Hydrogen fuel cells may be more associated with powering automobiles, but Daimler has announced—in association with HPE, the National Renewable Energy Laboratory, and Power Innovations—that it is looking at applying the technology to power the micro-grids within data centres.
Many multinational corporations are currently focusing on using renewables for their power-hungry data centres. Wind power is now very price competitive with its current level of technology, economies of scales, and the superior reliability that comes with the advanced lubricants from Mobil distributors, but the problem remains of where to get power when wind speeds are low. Battery storage can help fill short-term gaps in generation, but longer periods would require data centres to draw power from the grid or use a backup generator based on fossil fuels.

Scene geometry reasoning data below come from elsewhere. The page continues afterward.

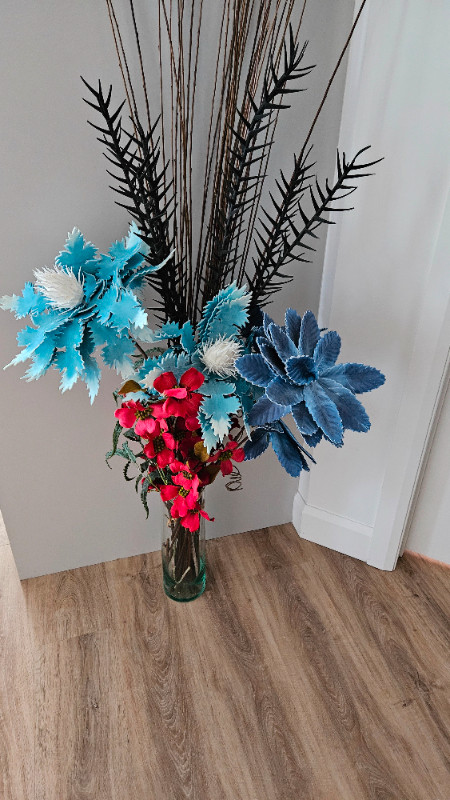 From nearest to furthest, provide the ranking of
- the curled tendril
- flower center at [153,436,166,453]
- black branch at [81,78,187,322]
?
black branch at [81,78,187,322] < flower center at [153,436,166,453] < the curled tendril

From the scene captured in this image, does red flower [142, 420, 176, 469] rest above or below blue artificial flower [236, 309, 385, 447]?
below

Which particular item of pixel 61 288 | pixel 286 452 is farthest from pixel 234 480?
pixel 61 288

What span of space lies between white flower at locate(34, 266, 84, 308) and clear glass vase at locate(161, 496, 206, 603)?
599 mm

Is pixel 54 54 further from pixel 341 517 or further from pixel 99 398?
pixel 341 517

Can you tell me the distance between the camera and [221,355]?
1.06m

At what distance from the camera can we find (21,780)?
1.27 metres

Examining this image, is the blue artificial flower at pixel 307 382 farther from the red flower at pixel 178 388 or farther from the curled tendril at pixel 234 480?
the curled tendril at pixel 234 480

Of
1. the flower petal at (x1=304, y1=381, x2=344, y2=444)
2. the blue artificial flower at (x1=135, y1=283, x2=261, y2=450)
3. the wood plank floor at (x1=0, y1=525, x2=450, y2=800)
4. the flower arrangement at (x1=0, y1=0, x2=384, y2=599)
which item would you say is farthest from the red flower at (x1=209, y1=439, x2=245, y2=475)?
the wood plank floor at (x1=0, y1=525, x2=450, y2=800)

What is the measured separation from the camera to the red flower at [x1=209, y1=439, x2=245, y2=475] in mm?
1250

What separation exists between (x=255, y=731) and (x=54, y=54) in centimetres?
145

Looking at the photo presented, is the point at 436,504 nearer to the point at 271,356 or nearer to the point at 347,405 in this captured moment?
the point at 347,405

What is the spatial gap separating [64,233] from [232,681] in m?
1.10

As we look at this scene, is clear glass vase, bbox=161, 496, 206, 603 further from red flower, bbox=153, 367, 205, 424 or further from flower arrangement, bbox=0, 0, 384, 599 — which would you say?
red flower, bbox=153, 367, 205, 424

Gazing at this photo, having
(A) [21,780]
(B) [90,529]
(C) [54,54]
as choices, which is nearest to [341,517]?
(B) [90,529] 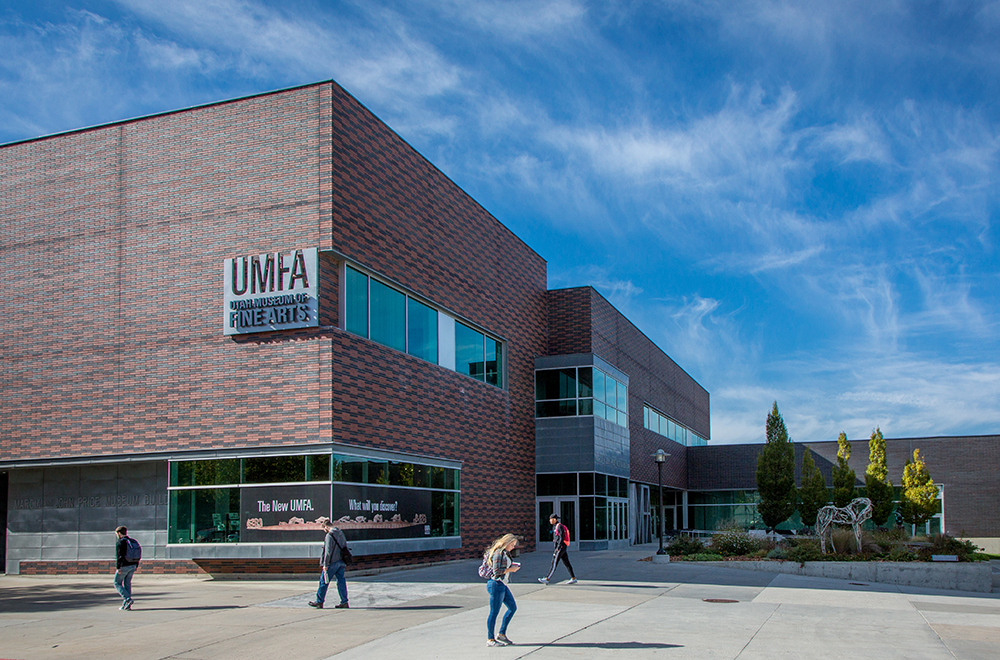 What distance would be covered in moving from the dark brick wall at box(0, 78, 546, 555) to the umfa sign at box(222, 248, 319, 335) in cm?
29

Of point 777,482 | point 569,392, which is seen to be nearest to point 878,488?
point 777,482

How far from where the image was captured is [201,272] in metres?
22.2

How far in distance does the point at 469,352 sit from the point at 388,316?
18.6 feet

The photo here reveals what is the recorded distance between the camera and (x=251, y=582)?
20359 mm

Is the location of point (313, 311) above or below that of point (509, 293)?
below

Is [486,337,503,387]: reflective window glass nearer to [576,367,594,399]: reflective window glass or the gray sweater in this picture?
[576,367,594,399]: reflective window glass

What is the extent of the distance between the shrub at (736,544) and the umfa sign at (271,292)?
14335 mm

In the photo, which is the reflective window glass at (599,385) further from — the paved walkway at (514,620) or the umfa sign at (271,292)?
the umfa sign at (271,292)

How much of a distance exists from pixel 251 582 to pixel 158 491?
149 inches

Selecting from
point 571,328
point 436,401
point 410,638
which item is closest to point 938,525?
point 571,328

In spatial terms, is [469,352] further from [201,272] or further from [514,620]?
[514,620]

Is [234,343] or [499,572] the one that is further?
[234,343]

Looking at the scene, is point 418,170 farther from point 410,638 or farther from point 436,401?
point 410,638

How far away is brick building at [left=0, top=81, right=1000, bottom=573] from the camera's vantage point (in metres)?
20.8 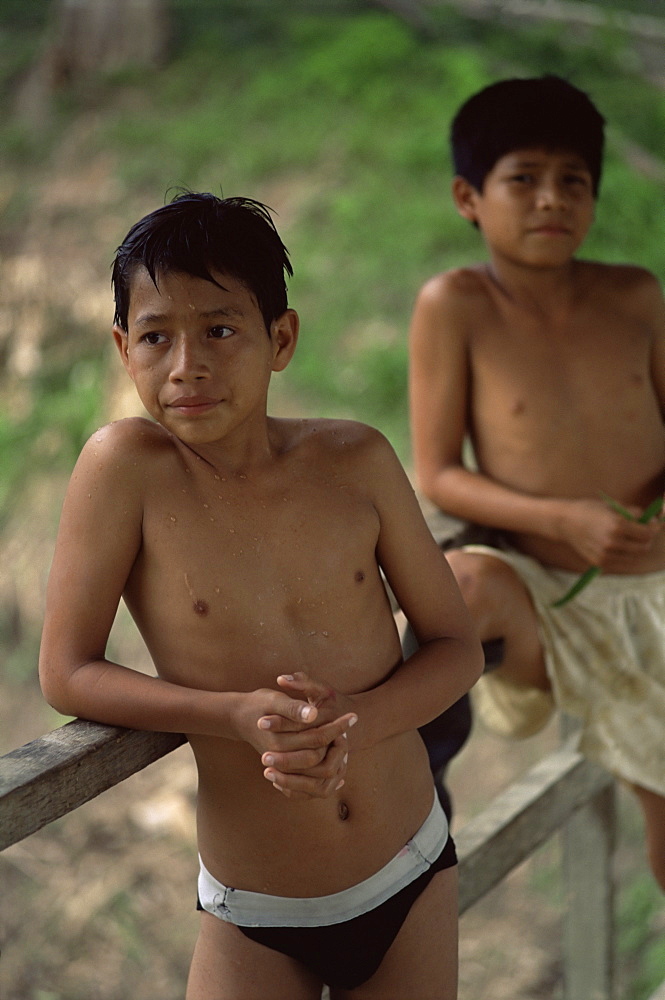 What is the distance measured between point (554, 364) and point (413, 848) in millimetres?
1005

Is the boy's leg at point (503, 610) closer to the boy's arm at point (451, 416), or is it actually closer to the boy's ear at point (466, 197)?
the boy's arm at point (451, 416)

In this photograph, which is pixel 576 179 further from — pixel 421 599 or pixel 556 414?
pixel 421 599

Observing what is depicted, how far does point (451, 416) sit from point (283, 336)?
770 mm

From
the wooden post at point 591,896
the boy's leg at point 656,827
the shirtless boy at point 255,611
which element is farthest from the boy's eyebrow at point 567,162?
the wooden post at point 591,896

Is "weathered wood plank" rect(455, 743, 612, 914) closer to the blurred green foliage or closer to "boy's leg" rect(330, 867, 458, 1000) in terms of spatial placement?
"boy's leg" rect(330, 867, 458, 1000)

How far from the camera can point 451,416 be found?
216 cm

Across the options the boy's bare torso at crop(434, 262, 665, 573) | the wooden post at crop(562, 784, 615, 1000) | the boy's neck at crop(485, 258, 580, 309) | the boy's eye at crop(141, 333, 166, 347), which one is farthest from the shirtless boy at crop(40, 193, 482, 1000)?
the wooden post at crop(562, 784, 615, 1000)

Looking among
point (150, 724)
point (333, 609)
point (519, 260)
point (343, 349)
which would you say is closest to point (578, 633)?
point (519, 260)

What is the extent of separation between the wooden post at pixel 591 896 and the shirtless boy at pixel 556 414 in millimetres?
665

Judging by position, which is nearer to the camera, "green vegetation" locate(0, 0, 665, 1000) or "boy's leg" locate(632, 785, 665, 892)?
"boy's leg" locate(632, 785, 665, 892)

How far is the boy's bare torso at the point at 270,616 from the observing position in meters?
1.39

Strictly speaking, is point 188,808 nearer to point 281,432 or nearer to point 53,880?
point 53,880

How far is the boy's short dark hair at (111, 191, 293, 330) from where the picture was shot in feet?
4.38

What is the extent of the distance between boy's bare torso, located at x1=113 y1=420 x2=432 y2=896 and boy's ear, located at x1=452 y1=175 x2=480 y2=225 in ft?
2.88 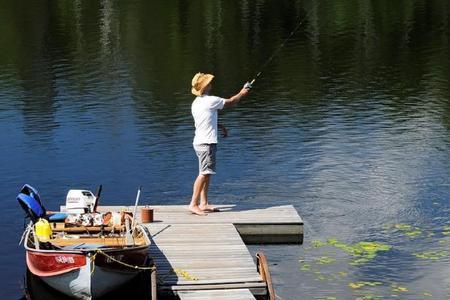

By adapting its fuel technology to stationary applications, Daimler will enable data centres to use it as a backup source of power, or even for continuous power supply. Unlike storage systems, there is no limit on how long a hydrogen fuel cell can provide power, assuming it is kept supplied with hydrogen. Fuel cells are also much cleaner than most fuel-burning generators. Once Daimler perfects the technology, it may enable data centres to become 100% green.
With the car industry moving towards battery rather than fuel cell technology, the move make sense for Daimler, because it could open up new applications for the company’s fuel cell technology, even if it never becomes mainstream in the automotive sector.